Weekday crawl getting worse for Brisbane drivers
22 August 2018 Commute speeds along the south east’s major road corridors had slowed by up to 30 percent in July, compared with the same period last year, new data from the State’s peak motoring body revealed.
RACQ’s latest Travel Time Report found motorists last month travelled at average speeds as low as 34km/h during peak times on congested sections of the Pacific Motorway, which was up to 28 percent slower than in July 2017.
The report showed traffic on the Centenary Motorway dawdled at an average of 27km/h in both the morning and afternoon peaks near Miskin Street and became as slow as 23km/h between the Toowong roundabout and Moggill Road in the afternoon.
RACQ Head of Public Policy Rebecca Michael said the year-on-year comparisons revealed peak travel times across Brisbane had generally worsened in the past 12 months.

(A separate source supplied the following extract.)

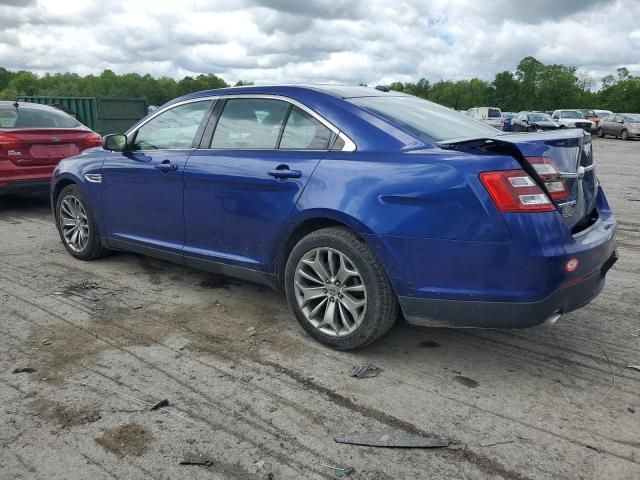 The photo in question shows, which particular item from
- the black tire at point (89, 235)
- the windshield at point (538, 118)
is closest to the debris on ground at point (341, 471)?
the black tire at point (89, 235)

“The Pacific Motorway is barely moving from Logan River to the Gateway merge with additional delays of around 12 minutes. It’s a similar story north on the Bruce Highway near Anzac Avenue where drivers are crawling at just 44km/h,” Dr Michael said.
“It’s concerning because we had four fewer ‘school days’ in July this year, which would usually mean faster speeds with less traffic on the roads during school holidays – the fact this wasn’t the case shows we need to take an urgent look at the state of our major thoroughfares.”

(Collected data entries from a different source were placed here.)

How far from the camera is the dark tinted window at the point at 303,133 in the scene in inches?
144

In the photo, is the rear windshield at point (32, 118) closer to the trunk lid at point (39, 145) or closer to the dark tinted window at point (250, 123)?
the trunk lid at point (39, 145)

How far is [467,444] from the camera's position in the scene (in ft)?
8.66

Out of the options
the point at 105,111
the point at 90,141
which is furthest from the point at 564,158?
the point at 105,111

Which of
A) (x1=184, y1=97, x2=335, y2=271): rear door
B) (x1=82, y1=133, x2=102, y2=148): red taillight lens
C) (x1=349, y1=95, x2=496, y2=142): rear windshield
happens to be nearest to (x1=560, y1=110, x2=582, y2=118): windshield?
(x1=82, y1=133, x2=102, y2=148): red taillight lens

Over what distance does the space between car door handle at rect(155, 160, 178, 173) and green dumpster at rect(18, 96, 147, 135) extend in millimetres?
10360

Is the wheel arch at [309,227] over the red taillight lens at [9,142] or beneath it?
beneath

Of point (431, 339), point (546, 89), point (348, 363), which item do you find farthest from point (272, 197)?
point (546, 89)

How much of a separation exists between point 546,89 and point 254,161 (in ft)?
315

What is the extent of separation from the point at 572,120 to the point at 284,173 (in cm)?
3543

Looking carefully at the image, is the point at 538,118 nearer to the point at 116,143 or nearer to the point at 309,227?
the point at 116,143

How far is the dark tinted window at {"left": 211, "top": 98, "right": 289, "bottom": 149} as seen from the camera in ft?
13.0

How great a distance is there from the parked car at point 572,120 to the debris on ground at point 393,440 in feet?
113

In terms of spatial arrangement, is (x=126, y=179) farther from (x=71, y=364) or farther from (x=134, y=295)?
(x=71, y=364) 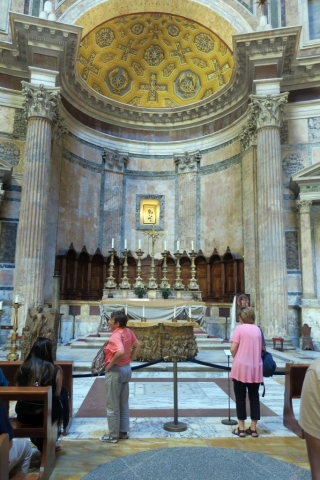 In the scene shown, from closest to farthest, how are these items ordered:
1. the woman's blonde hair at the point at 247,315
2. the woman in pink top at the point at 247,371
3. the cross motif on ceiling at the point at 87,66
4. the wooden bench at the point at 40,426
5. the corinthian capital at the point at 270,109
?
the wooden bench at the point at 40,426 < the woman in pink top at the point at 247,371 < the woman's blonde hair at the point at 247,315 < the corinthian capital at the point at 270,109 < the cross motif on ceiling at the point at 87,66

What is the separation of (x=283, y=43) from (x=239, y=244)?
738cm

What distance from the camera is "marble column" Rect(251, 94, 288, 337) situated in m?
12.4

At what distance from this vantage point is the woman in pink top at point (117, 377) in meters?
4.29

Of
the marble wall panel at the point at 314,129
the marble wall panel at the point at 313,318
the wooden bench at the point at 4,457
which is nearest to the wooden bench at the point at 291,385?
the wooden bench at the point at 4,457

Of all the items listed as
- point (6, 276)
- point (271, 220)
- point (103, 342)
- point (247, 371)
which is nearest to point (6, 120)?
point (6, 276)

Dr Michael said the Club welcomed recent upgrade announcements and the introduction of variable speed limits on the Pacific Motorway which would ease congestion but said more needed to be done to prepare for future traffic volumes across the network.
“It’s time commuters were rewarded for their patience. Variable speeds will help on the M1, but we need funding commitments to improve major corridors including the Centenary Motorway and the Bruce Highway,” she said.
“Innovation and investment in our roads is critical, and we’ll need more of it if we’re to combat the gridlock we continue to see on a daily basis across the region.”
The full report could be viewed on the RACQ website.